Il y a la foy sur les choses étonnantes, & la foy sur les choses contradictoires & impossibles.

Vitsnou s’est incarné cinq cents fois, cela est fort étonnant ; mais enfin, cela n’est pas physiquement impossible. Car si Vitsnou a une ame, il peut avoir mis son ame dans cinq cents corps pour se réjoüir. L’Indien, à la vérité, n’a pas une foy bien vive, il n’est pas intimement persuadé de ces métamorphoses ; mais enfin, il dira à son bonze, J’ai la foy ; vous voulez que Vitsnou ait passé par cinq cents incarnations, cela vous vaut cinq cents roupies de rente ; à la bonne heure ; vous irez crier contre moi, vous me dénoncerez, vous ruinerez mon commerce si je n’ai pas la foy ; eh bien, j’ai la foy, & voilà de plus dix roupies que je vous donne. L’Indien peut jurer à ce bonze qu’il croit, sans faire un faux serment ; car après tout il ne lui est pas démontré que Vitsnou n’est pas venu cinq cents fois dans les Indes.

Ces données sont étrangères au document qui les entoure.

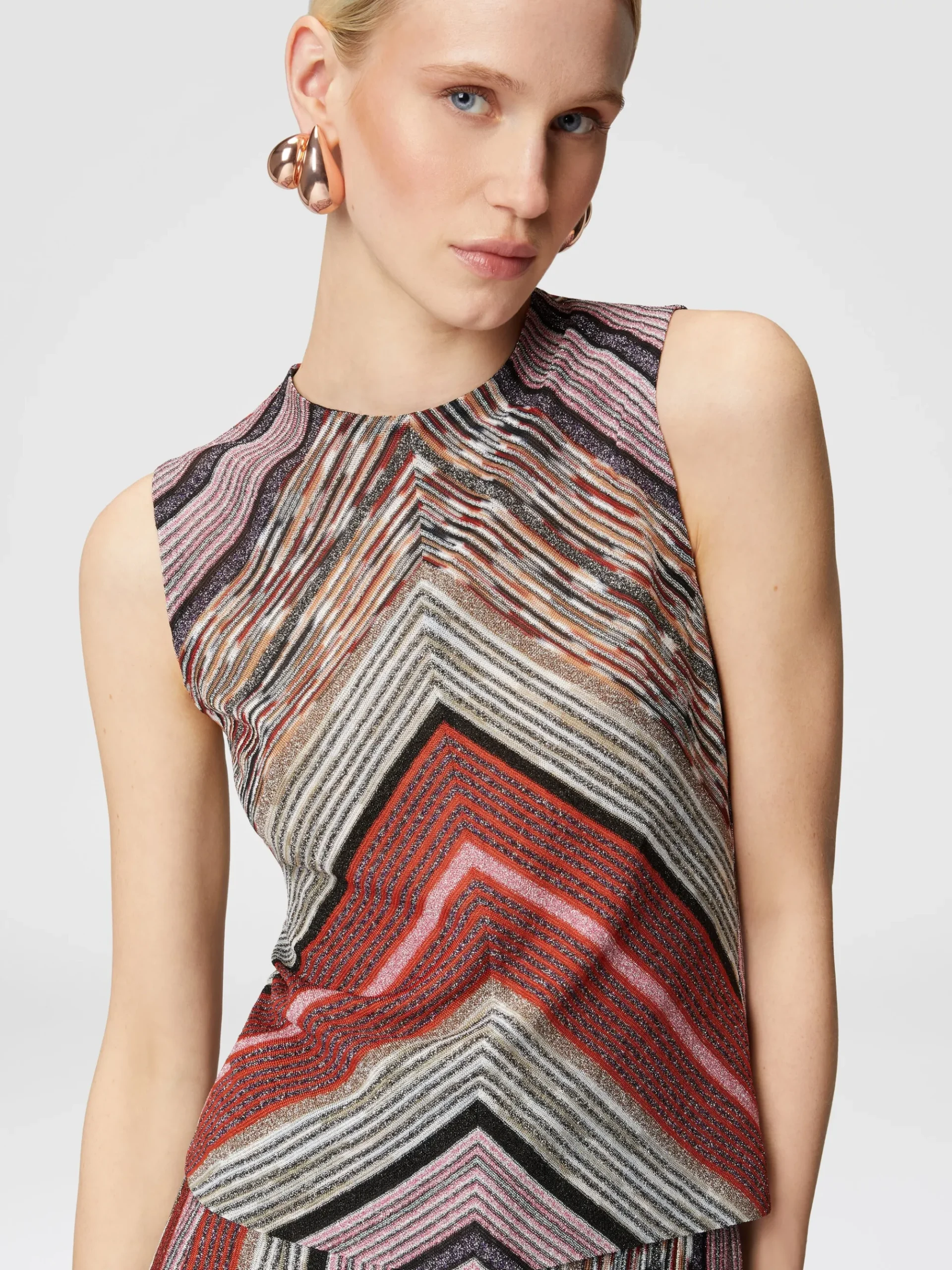 Sleeveless top in lamé slub viscose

Mais si le bonze exige de lui qu’il croye une chose contradictoire, impossible, que deux & deux font cinq, que le même corps peut être en mille endroits différens, qu’être & n’être pas c’est précisément la même chose, alors, si l’Indien dit qu’il a la foy, il a menti ; & s’il jure qu’il croit, il fait un parjure. Il dit donc au bonze, Mon révérend père, je ne peux vous assurer que je crois ces absurdités-là, quand elles vous vaudraient dix mille roupies de rente au lieu de cinq cents.

Mon fils, répond le bonze, donnez vingt roupies, & Dieu vous fera la grace de croire tout ce que vous ne croyez point.

Comment voulez-vous, répond l’Indien, que Dieu opère sur moi ce qu’il ne peut opérer sur lui-même ? Il est impossible que Dieu fasse ou croye les contradictoires ; autrement il ne serait plus Dieu. Je veux bien vous dire, pour vous faire plaisir, que je crois ce qui est obscur ; mais je ne peux vous dire que je crois l’impossible. Dieu veut que nous soyons vertueux, & non pas que nous soyons absurdes. Je vous ai donné dix roupies, en voilà encor vingt, croyez à trente roupies, soyez homme de bien si vous pouvez, & ne me rompez plus la tête.